Schatz also gained attention for sparring with Hawley over various Biden nominees. In April 2022, Hawley objected to the confirmation of Christopher Lowman, prompting a fiery response from Schatz on the floor that cited Hawley's previous vote against Ukraine aid and his vote to exonerate Trump for extorting Ukrainian president Volodymyr Zelenskyy. In December 2022, Hawley objected to Schatz's attempt to confirm Russell Rumbaugh. The Senate confirmed both Lowman and Rumbaugh.

During the second of the 2026 United States federal government shutdowns, Schatz objected to unanimous consent for S. Res. 526, a resolution introduced by Senator John Kennedy to withhold senators' pay during a shutdown. The objection occurred during a Sunday Senate session during the shutdown. Schatz subsequently left the chamber, which prompted Kennedy to later criticize Democrats on social media, saying that they had blocked the resolution "without explaining why".

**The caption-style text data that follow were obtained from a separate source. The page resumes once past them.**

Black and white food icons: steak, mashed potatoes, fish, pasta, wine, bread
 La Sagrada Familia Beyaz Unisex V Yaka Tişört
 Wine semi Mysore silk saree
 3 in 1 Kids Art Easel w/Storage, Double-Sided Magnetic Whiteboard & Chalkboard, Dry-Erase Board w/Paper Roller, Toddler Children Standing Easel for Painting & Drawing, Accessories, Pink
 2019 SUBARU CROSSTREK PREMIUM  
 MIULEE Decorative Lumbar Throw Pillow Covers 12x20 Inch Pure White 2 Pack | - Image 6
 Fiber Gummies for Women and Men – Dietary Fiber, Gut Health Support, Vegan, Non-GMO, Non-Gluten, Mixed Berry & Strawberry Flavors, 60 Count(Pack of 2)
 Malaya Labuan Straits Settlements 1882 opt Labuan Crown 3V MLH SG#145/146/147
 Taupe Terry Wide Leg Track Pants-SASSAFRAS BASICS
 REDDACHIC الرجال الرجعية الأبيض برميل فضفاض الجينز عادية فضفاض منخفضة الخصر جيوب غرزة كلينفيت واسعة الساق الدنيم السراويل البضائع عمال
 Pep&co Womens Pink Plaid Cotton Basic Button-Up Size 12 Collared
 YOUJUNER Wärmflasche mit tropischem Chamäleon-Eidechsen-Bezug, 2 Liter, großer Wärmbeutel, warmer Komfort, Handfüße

=== 119th Congress committee assignments ===
Source:
- Committee on Appropriations
- Committee on Commerce, Science, and Transportation
- Committee on Foreign Relations
- Committee on Indian Affairs (vice chairman)
- Select Committee on Ethics

===Leadership positions===
- Deputy Secretary, Senate Democratic Caucus
- Chief Deputy Whip
- Co-chair, Senate Climate Change Task Force
- Chair, Senate Democratic Special Committee on the Climate Crisis
- Member, Board of Trustees for the Harry S. Truman Scholarship foundation

===Caucus memberships===
- Congressional Asian Pacific American Caucus
- Congressional NextGen 9-1-1 Caucus
- Expand Social Security Caucus

==Political positions==

In 2018, New York magazine called Schatz a progressive but not a "bomb thrower" like Bernie Sanders. It characterized him as a low-profile but highly influential senator in pushing fellow Democrats to adopt progressive policy positions in the 2020 Democratic Party presidential primaries. In November 2025, Puck called Schatz "a leader of the party's progressive wing" who might be opposed by moderate Democrats if he runs to succeed Chuck Schumer as the Senate Democratic leader as his selection would run "counter to the tradition of Senate leaders who care more about winning than ideology".

=== Abortion ===
Schatz is pro-choice. He supports access to legal abortion without restrictions.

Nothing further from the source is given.